● **EXERCISE DATA**:

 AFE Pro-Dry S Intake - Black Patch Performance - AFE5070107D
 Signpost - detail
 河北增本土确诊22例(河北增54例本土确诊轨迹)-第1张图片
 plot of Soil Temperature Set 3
==
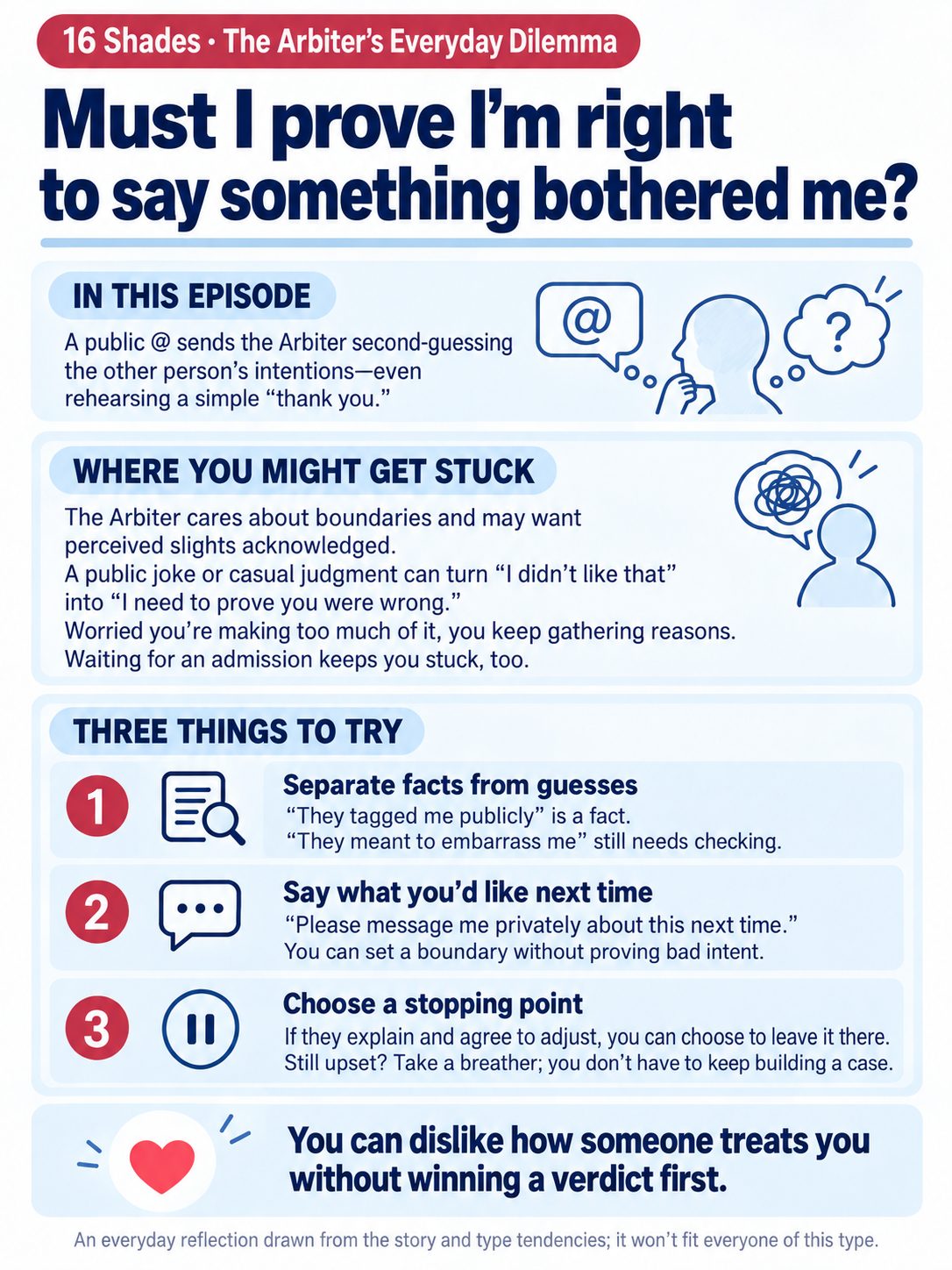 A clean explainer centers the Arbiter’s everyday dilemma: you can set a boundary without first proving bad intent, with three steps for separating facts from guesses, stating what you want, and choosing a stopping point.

● **ACTIVITY**: Take the records above and return, word for word, only the lines that fall from the line with "河北增本土确诊22例(河北增54例本土确诊轨迹)-第1张图片" to the line with "plot of Soil Temperature Set 3", both of them included.

● **COMPLETED TASK**:
 河北增本土确诊22例(河北增54例本土确诊轨迹)-第1张图片
 plot of Soil Temperature Set 3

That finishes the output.